=== DATASET SECTION ===
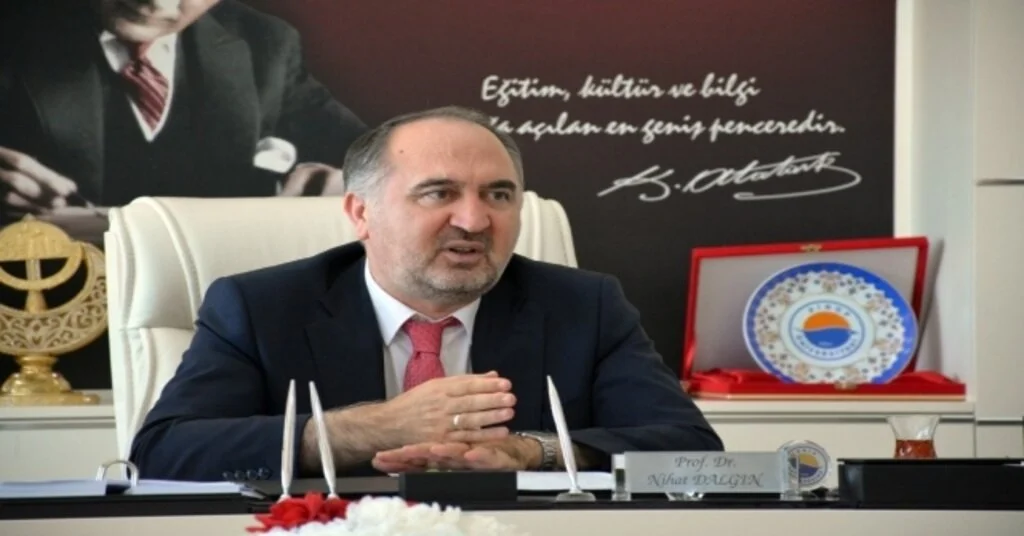 Mutlu Şehrin Mutlu Üniversitesinde Rektör Yeniden Nihat Dalgın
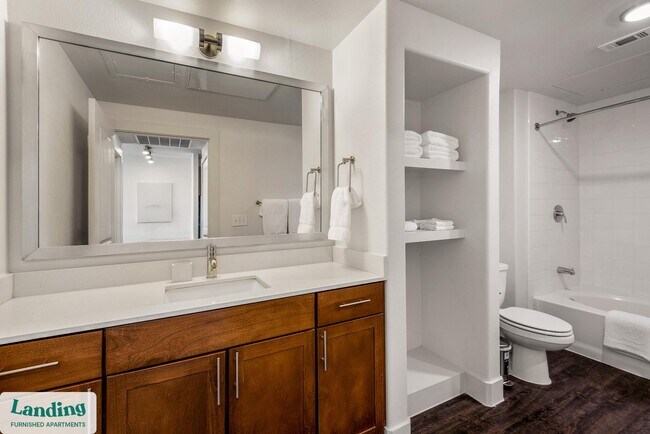 711 Brentford Place unit 215, Arlington, TX 76006 - photo 5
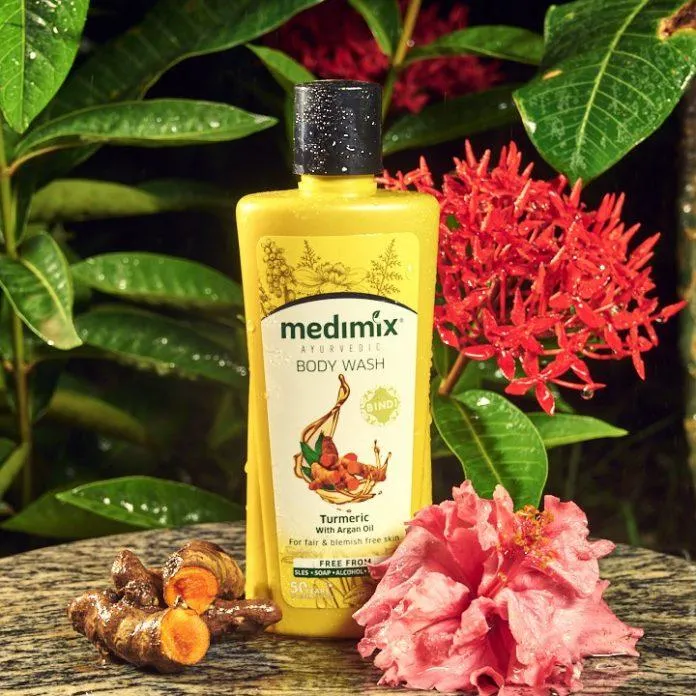 Sữa tắm Medimix nghệ và dầu Argan không những bảo vệ mà còn nuôi dưỡng làn da sáng khỏe (Nguồn: Internet)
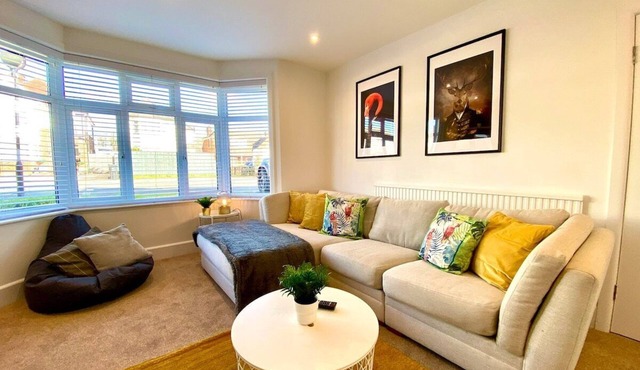 Spacious 3 Bedroom Poole House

=== EXERCISE AIM ===
An exact copy of the whole listing is required, minus the pictures.

=== ANSWER BOX ===
 Mutlu Şehrin Mutlu Üniversitesinde Rektör Yeniden Nihat Dalgın
 711 Brentford Place unit 215, Arlington, TX 76006 - photo 5
 Sữa tắm Medimix nghệ và dầu Argan không những bảo vệ mà còn nuôi dưỡng làn da sáng khỏe (Nguồn: Internet)
 Spacious 3 Bedroom Poole House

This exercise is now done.